### REQUIREMENT
A faithful transcription of all the data, images excluded, is the required answer.

### MATERIAL PROVIDED
========
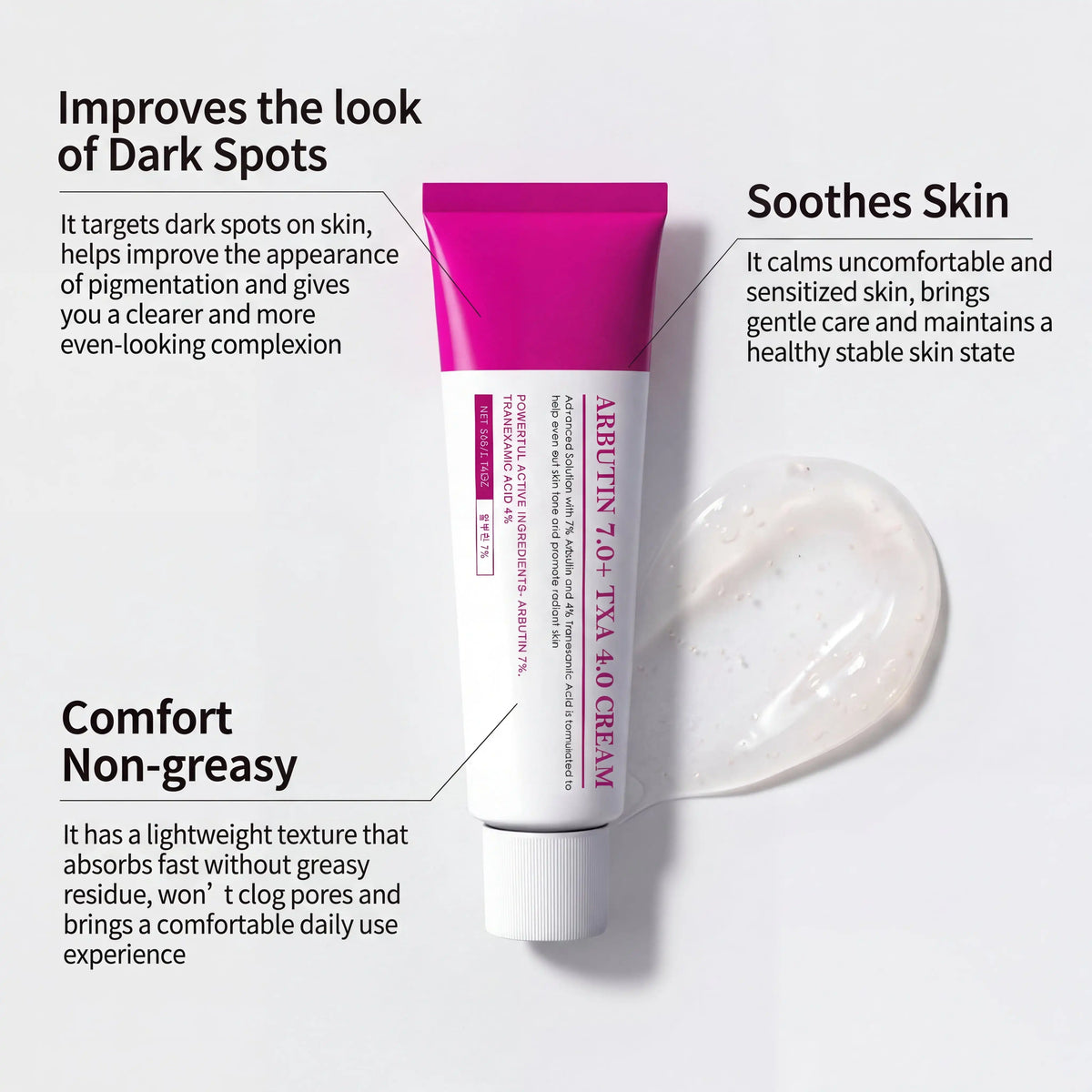 ARBUTIN+TXA Facial Moisturizing Cream Lightweight Daily Hydrating Lotion Arbutin Face Gel Cream Non Greasy Glow Skincare 50g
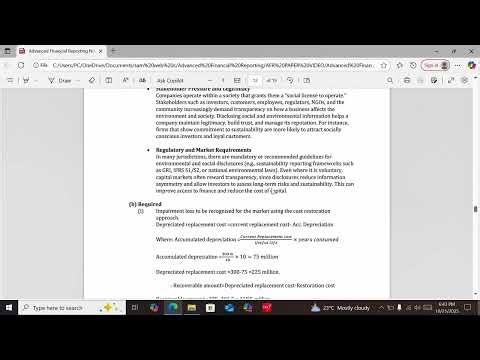 Advanced Financial Reporting and Analysis November 2019 answers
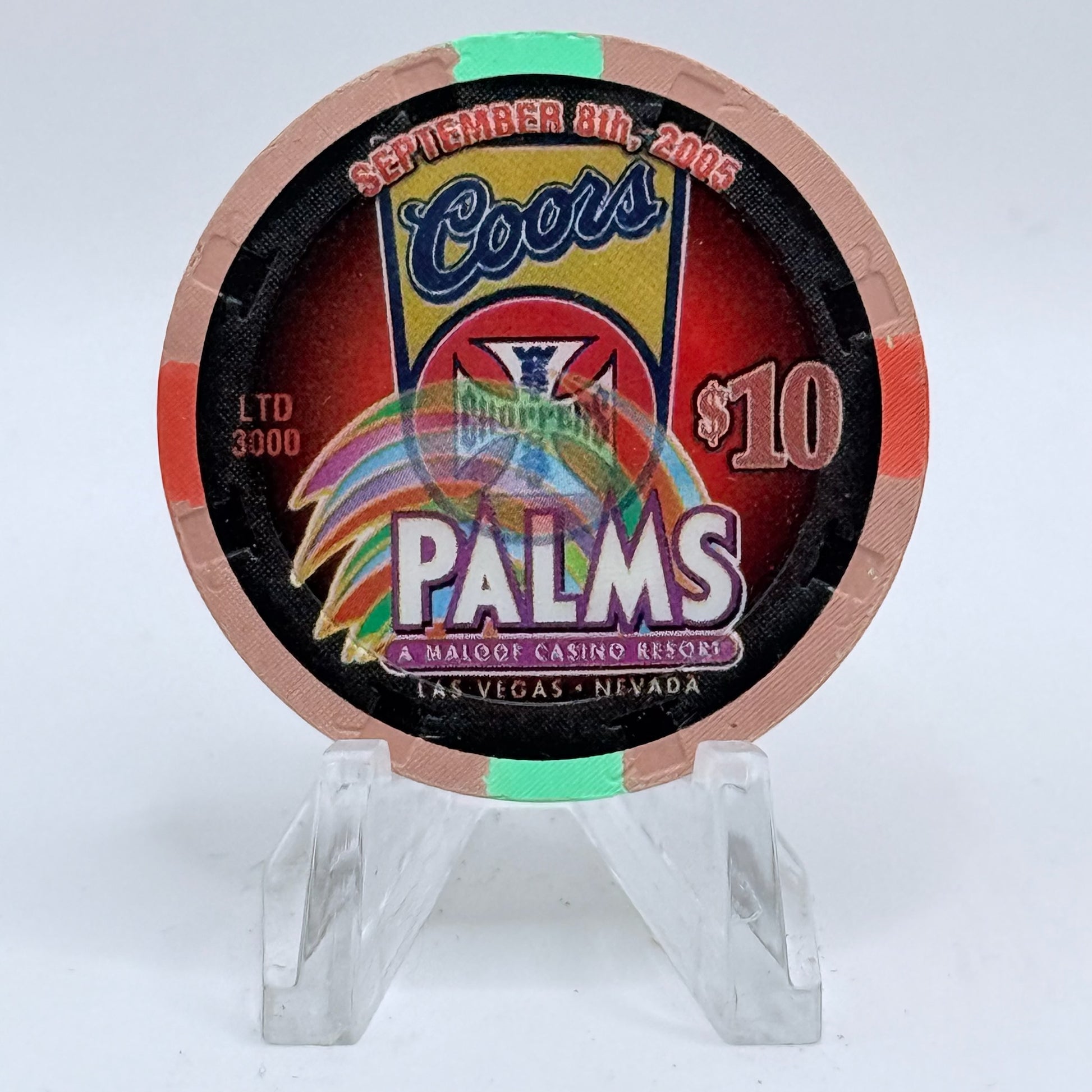 Palms Casino Resort Las Vegas Nevada 2005 'Jesse James' LE $10 Casino Chip E6273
========
### RESULT
 ARBUTIN+TXA Facial Moisturizing Cream Lightweight Daily Hydrating Lotion Arbutin Face Gel Cream Non Greasy Glow Skincare 50g
 Advanced Financial Reporting and Analysis November 2019 answers
 Palms Casino Resort Las Vegas Nevada 2005 'Jesse James' LE $10 Casino Chip E6273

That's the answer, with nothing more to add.